### Record excerpts
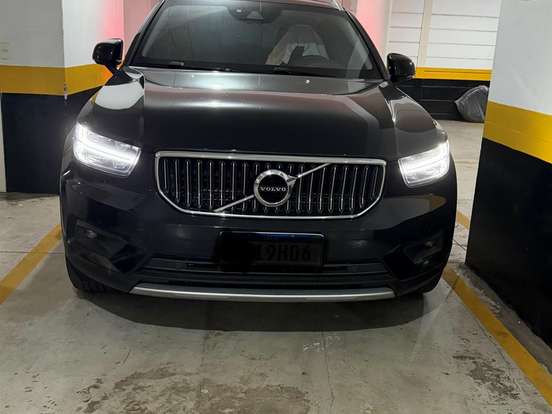 VOLVO-XC40-1.5 T5 RECHARGE INSCRIPTION GEARTRONIC VOLVO-XC40-2021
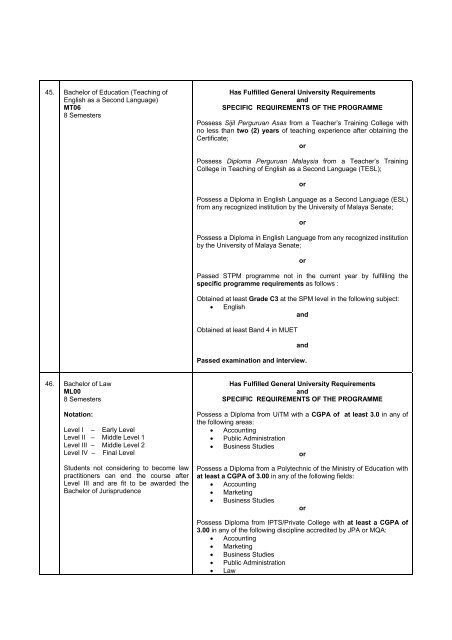 universiti malaya - Faculty of Computer Science and Information ...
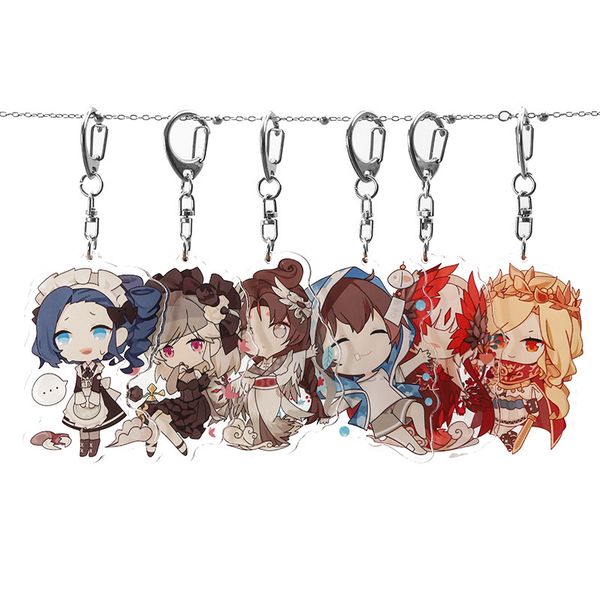 идентичность v брелок человек game key chain акриловые женщины брелок цепь для брюк держатель дети подвеска высокого качества сплава brelok, Silver
идентичность v брелок человек game key chain акриловые женщины брелок цепь для брюк держатель дети подвеска высокого качества сплава brelok, Silver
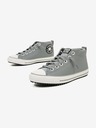 Converse Chuck Taylor All Star Street Boot Fleece Lined Gyerek sportcipő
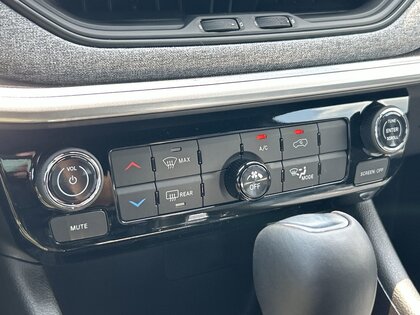 used 2025 Jeep Compass car, priced at $37,999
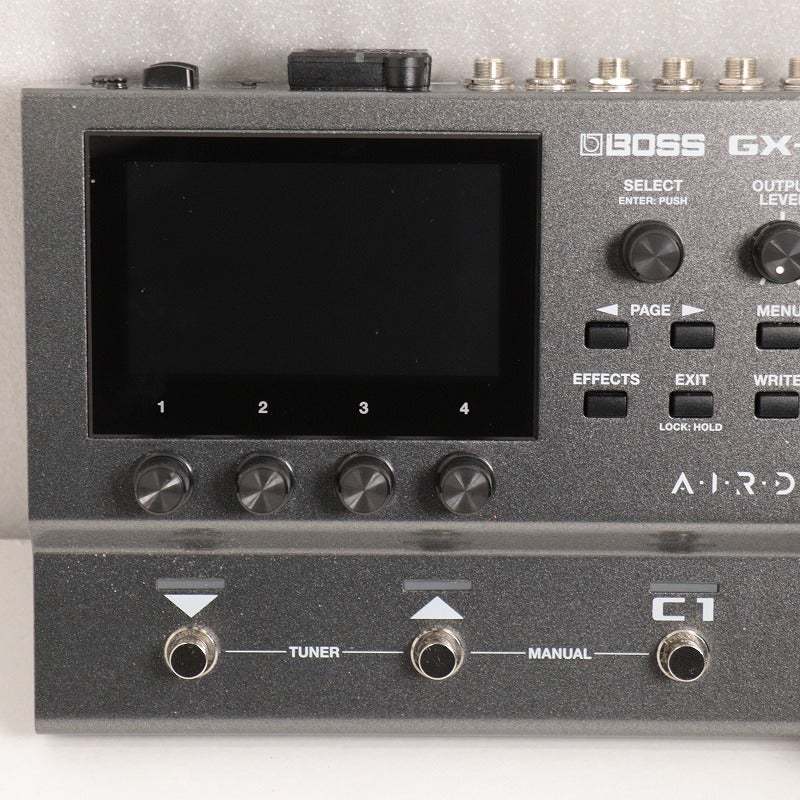 BOSS GX-10 with BT-DUAL 【心斎橋店】（中古/送料無料）【楽器検索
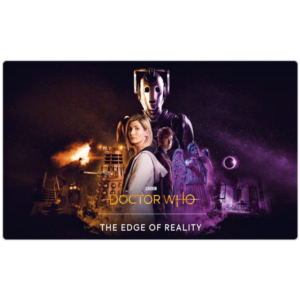 🍓 Doctor Who Edge of Reality (PS5/RU) Активация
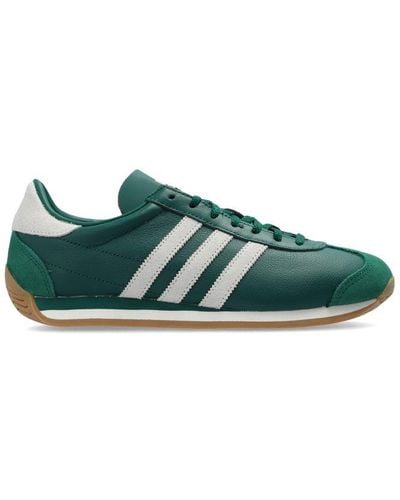 adidas Originals Country Og Low-top Trainers - Green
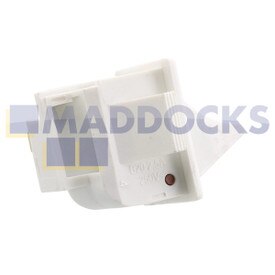 Genuine Original Electrolux Switch, Door, Lamp, 3 Pole
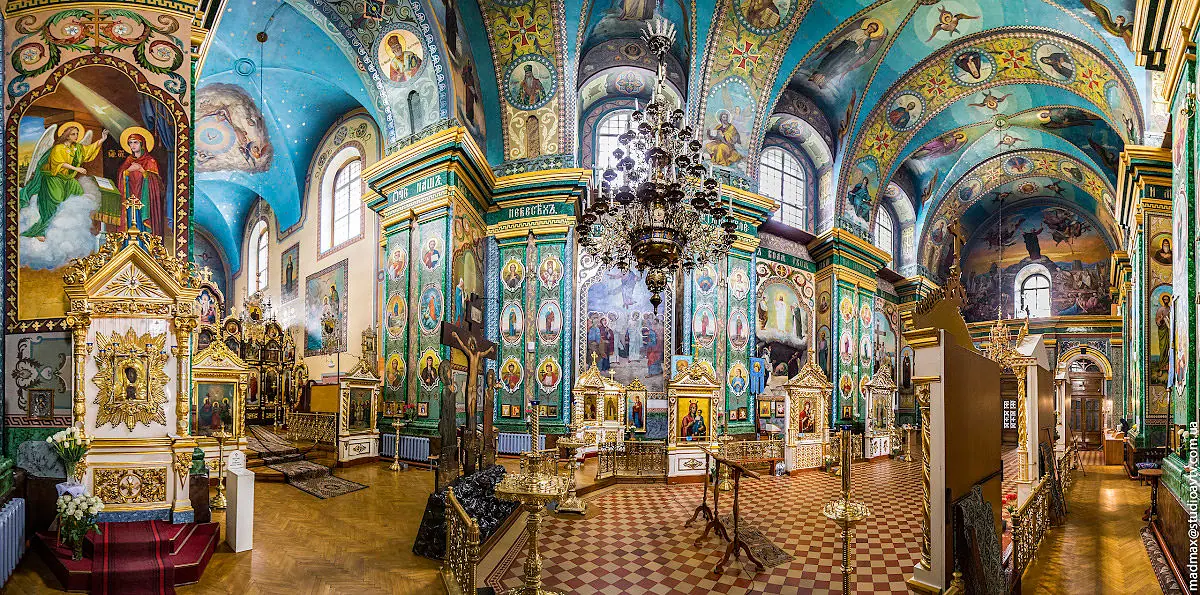 Іконостас — Кременець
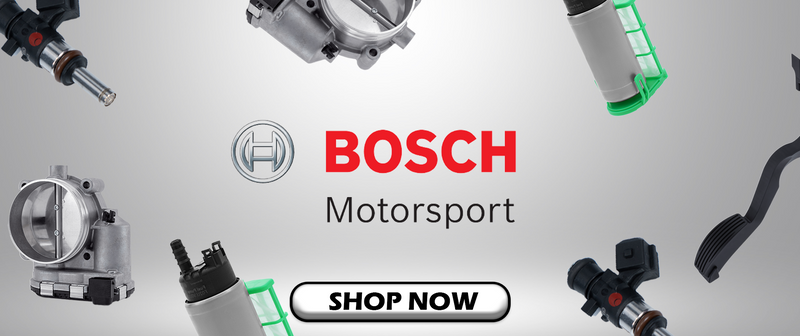 Bosch Motorsport Product Collection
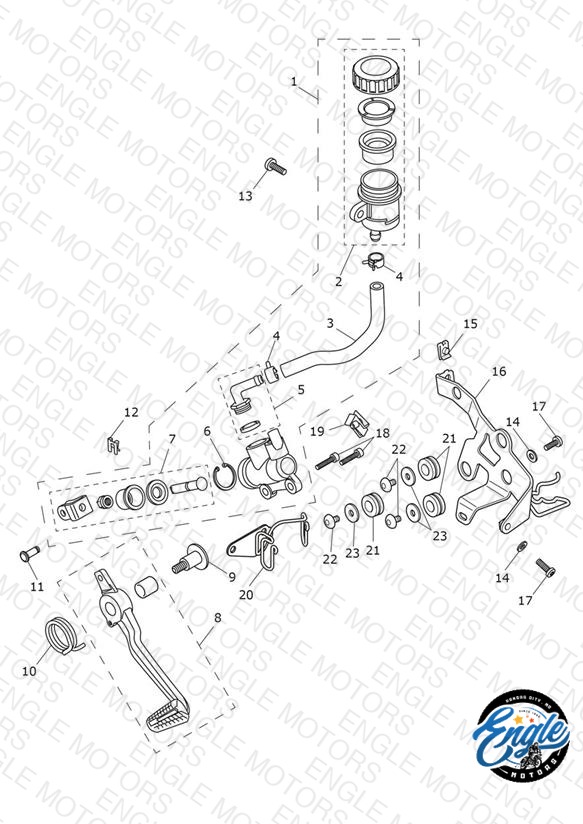 Assembly schematic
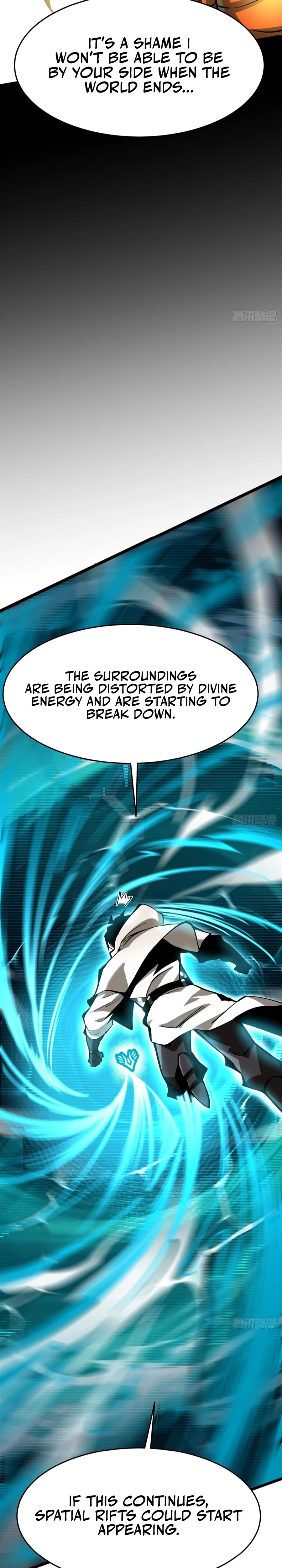 I Really Don’t Want to Learn Forbidden Spells Chapter 135 - Page 16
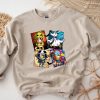 Bluey Fall Season Halloween Sweatshirt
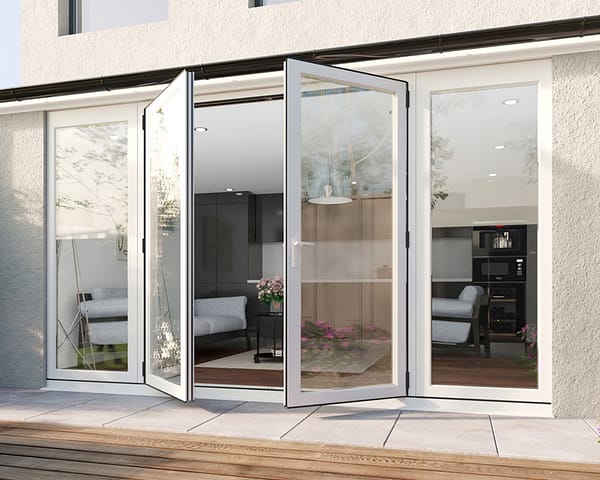 Revere White French 3500mm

### Task
Could you repeat the data exactly, omitting its pictures?

### Expected answer
 VOLVO-XC40-1.5 T5 RECHARGE INSCRIPTION GEARTRONIC VOLVO-XC40-2021
 universiti malaya - Faculty of Computer Science and Information ...
 идентичность v брелок человек game key chain акриловые женщины брелок цепь для брюк держатель дети подвеска высокого качества сплава brelok, Silver
идентичность v брелок человек game key chain акриловые женщины брелок цепь для брюк держатель дети подвеска высокого качества сплава brelok, Silver
 Converse Chuck Taylor All Star Street Boot Fleece Lined Gyerek sportcipő
 used 2025 Jeep Compass car, priced at $37,999
 BOSS GX-10 with BT-DUAL 【心斎橋店】（中古/送料無料）【楽器検索
 🍓 Doctor Who Edge of Reality (PS5/RU) Активация
 adidas Originals Country Og Low-top Trainers - Green
 Genuine Original Electrolux Switch, Door, Lamp, 3 Pole
 Іконостас — Кременець
 Bosch Motorsport Product Collection
 Assembly schematic
 I Really Don’t Want to Learn Forbidden Spells Chapter 135 - Page 16
 Bluey Fall Season Halloween Sweatshirt
 Revere White French 3500mm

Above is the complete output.